Given data
►

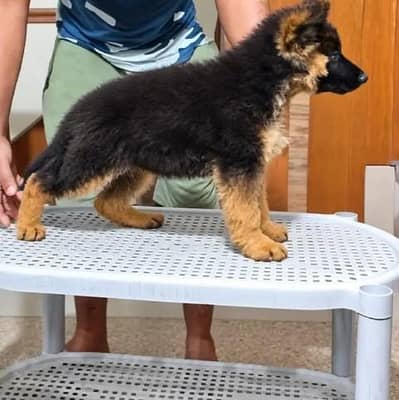 German Shepherd  Puppies 03456011805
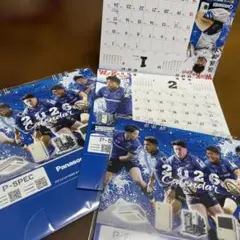 Item thumbnail for item d4816ff9-ab7c-46cd-9518-d9729c1c5942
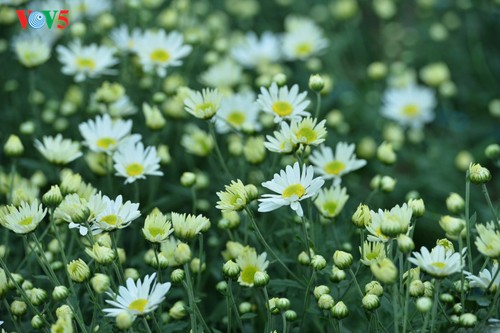 Hanoï accueille la saison des fleurs d’échinacée blanche - ảnh 4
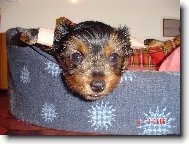 Yorkshire terrier (Dog standard)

◄

Task
Before you return the listing, strip out its pictures; all else must match exactly.

Output of the task
 German Shepherd  Puppies 03456011805
 Item thumbnail for item d4816ff9-ab7c-46cd-9518-d9729c1c5942
 Hanoï accueille la saison des fleurs d’échinacée blanche - ảnh 4
 Yorkshire terrier (Dog standard)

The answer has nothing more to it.